Synvista Therapeutics

Status and phase

Completed

Phase 2

Conditions

Coronary Artery Disease

Diabetes

Treatments

Drug: ALT-2074

Study type

Interventional

Funder types

Industry

Identifiers

NCT00491543

ALT-2074-201

Details and patient eligibility

About

ALT-2074 (BXT-51072) belongs to a class of drugs called "glutathione peroxidase mimics." ALT-2074 works by imitating a substance produced in various tissues in the body, which prevents damage of the heart and blood vessels. Diabetic patients with a haptoglobin 2-2 genotype have poor cardiovascular clinical outcomes.

The purpose of this study is to assess the safety, the pharmacokinetic profile and characterize the effect on biomarkers of inflammation and oxidative stress of repeat doses of ALT 2074. Subjects must be diabetic, with evidence of coronary artery disease and a haptoglobin 2-2 genotype

Full description

Subjects will be male and female, 18 to 75 years old, with Type 2 diabetes mellitus, a documented or suspected history of coronary artery disease, and a Haptoglobin type 2-2 (Hp 2-2) genotype. Subjects on prescribed anti-diabetic and coronary artery disease medications may continue to take their medications throughout the study.

Subjects who qualify will receive active drug (ALT-2074 20 mg, 40 mg or 80 mg) or placebo every 8 hours for 28 days. There will be three sequential cohorts of increasing doses of active drug. There will be 2 follow-up visits (Days 35 and 42). Blood and urine tests for safety (chemistry and hematology), pharmacokinetics and relevant biomarkers to measure inflammation and oxidative stress will be performed throughout the study.
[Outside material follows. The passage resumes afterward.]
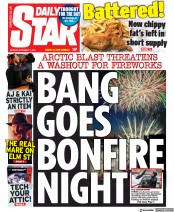 Daily Star (UK) Newspaper Front Page for 1 November 2021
Electrocardiograms and 24-hour Holter monitoring will also be performed at various time points during the study.

Enrollment

66 estimated patients

Sex

All

Ages

18 to 75 years old

Volunteers

No Healthy Volunteers

Inclusion and exclusion criteria

Inclusion criteria:

Male or female, 18 to 75 years of age.
Diagnosis of Type 2 diabetes mellitus
Stable coronary artery disease (CAD) documented or suspected, not requiring adjustment for ≥2 months, as determined by: a. A history of myocardial infarction verified by Q-wave electrocardiogram and/or medical records, occurring greater than 6 months before the screening Visit; OR b. A coronary angiogram and/or stress test; OR c. A ankle brachial pressure index less than 0.9; OR d. Age greater than 60 years of age
Hp 2-2 genotype.
Ability to communicate and comply with all study requirements.